Development and Effective Learning (01:11)
Physical play develops first but is little researched. This video will examine gross and fine motor development; play’s relationship to confidence, well-being and happiness; how it encourages self-regulation and social learning; and how to effectively support and promote it.
Gross Motor Play (08:23)
Physical play begins in babies. Exercise play emerges with mobility and involves large muscle movements and coordination. By age four, children spend 20% of their time playing in a social environment. Learn about benefits of play and corresponding brain development areas.
Fine Motor Play (06:01)
Babies have a natural desire to explore and explain. Fine motor play encourages motivation, grip refinement, wrist and arm control, concentration, perseverance, tool use, and determination.

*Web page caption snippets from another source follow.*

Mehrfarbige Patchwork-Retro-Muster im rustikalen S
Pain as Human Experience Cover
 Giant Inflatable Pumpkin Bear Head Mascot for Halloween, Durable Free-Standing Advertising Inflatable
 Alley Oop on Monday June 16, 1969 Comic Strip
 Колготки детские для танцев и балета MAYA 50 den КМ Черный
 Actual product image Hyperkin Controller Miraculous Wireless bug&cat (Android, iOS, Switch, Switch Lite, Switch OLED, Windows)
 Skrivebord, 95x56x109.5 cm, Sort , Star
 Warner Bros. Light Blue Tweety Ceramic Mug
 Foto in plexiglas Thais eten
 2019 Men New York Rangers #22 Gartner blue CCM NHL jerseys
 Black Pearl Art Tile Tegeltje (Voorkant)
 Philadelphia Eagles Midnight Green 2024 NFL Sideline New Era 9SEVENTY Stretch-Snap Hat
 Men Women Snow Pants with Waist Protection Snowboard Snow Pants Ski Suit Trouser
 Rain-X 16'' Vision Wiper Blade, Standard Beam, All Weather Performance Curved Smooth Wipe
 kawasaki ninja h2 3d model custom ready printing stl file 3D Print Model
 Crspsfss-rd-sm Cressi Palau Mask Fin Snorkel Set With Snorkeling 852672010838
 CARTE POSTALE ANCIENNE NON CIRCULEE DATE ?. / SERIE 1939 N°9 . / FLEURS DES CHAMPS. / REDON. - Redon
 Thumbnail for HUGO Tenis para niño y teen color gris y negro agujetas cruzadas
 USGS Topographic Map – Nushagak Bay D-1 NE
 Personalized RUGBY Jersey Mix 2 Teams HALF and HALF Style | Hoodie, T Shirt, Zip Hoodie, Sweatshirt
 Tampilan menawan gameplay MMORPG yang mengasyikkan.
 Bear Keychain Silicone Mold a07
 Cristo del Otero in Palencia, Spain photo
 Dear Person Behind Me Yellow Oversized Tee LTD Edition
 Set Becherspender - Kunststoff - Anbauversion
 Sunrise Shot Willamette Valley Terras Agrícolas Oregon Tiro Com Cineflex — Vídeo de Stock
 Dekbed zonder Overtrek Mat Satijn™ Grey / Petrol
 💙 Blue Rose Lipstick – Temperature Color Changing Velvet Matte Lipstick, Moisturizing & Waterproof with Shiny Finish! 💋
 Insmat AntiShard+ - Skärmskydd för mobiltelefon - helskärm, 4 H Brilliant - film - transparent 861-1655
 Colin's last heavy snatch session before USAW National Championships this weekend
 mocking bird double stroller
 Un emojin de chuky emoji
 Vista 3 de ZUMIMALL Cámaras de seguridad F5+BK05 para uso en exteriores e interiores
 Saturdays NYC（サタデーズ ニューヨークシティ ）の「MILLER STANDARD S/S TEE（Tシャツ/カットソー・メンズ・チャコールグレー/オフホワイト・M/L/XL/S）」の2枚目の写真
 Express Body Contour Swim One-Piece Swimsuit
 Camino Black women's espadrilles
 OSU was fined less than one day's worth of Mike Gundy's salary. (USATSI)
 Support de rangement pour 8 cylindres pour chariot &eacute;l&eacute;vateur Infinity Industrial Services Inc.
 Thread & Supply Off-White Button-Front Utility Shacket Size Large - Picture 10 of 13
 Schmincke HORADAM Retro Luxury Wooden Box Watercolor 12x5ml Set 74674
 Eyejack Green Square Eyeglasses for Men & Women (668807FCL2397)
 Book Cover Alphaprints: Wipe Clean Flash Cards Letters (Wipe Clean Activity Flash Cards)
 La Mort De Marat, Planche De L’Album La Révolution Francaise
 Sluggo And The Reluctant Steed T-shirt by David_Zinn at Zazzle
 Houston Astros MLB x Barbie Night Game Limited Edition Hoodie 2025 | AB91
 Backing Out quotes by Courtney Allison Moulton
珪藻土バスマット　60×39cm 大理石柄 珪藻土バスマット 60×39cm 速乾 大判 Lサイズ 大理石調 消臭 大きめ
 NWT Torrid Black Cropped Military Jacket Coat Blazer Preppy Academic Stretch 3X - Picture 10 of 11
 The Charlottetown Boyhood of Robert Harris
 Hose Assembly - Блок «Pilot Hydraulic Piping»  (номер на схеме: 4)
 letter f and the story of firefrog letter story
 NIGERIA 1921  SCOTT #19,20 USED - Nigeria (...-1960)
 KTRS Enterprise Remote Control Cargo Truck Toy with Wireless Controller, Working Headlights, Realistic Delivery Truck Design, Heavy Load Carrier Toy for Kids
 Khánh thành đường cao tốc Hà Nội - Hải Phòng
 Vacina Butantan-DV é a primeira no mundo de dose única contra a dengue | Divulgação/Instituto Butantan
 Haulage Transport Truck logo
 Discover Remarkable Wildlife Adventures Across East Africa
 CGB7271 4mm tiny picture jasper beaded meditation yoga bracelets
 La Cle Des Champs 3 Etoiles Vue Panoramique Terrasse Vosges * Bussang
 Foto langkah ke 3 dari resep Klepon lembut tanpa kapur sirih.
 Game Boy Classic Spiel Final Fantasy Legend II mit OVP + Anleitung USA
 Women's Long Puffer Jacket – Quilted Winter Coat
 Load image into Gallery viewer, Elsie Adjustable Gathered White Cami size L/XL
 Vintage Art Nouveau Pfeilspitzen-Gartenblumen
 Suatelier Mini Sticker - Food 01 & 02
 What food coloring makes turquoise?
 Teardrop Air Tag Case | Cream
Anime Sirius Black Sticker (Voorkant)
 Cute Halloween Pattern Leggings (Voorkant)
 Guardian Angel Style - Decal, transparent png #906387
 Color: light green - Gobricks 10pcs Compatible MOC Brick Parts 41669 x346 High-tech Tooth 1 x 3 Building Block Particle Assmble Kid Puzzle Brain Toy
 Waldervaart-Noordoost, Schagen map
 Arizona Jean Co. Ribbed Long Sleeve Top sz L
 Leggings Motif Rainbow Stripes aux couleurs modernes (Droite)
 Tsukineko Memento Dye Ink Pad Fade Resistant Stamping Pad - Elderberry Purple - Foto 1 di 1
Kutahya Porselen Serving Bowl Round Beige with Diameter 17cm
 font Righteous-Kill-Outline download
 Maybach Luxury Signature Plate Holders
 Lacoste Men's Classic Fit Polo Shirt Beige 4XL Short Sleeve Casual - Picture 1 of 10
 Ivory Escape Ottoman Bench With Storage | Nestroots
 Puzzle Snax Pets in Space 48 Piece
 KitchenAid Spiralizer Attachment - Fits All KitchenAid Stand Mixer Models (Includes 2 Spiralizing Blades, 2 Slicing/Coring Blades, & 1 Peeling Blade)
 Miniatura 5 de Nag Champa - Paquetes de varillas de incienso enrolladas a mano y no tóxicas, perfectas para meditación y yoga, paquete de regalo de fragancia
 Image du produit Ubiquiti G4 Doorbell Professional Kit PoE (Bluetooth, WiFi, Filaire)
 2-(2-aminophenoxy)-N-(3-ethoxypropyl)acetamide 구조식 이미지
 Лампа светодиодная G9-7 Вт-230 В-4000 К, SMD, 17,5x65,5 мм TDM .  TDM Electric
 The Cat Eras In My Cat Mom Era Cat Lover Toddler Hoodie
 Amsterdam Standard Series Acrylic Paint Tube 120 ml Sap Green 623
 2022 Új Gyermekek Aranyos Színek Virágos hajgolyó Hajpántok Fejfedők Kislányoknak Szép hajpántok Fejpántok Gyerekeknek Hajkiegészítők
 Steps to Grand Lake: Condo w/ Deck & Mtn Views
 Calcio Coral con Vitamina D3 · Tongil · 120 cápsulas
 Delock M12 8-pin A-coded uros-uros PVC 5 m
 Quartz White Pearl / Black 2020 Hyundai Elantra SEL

Children possess a drive to be competent and autonomous. Physical play helps them develop strategies, set challenges, and use repetition and perseverance to build physical skills and regulate emotional response. Educators can help them understand how they learn.
Social Learning (07:51)
Babies have an innate drive to relate to others. Physical play encourages social bonds, awareness of other's feelings, knowing when to ask for help, supporting others, working together, learning from peers, setting challenges, playing games with rules, and breaking down tasks.
Rough and Tumble (03:30)
Roughhousing may have emerged as a way to control aggression. It encourages reading non-verbal communication, self-regulation, and understanding emotional expression.
Risky Play (04:34)
Learning how to take risks safely is a useful life skill. See ways adults can model and provide support. Children learn to manage risk, face challenges, and know when to ask for help.
Supporting Physical Play: Environment and Materials (02:08)
See examples of materials supporting gross and fine motor play. The play environment should include outdoor opportunities, open ended materials, inspiring resources, and freedom to explore and make messes.
Effective Adult Support (14:17)
Caregivers and educators should provide emotional security. Effective scaffolding methods include encouraging struggle, sensitive withdrawal, breaking down a task, making suggestions, modelling activities, giving feedback, asking questions, specific praise, letting children maintain control, extending play, and knowing when to engage.
Credits: The Power of Physical Play: Development and Effective Learning -- 0 to 7 Years (00:31)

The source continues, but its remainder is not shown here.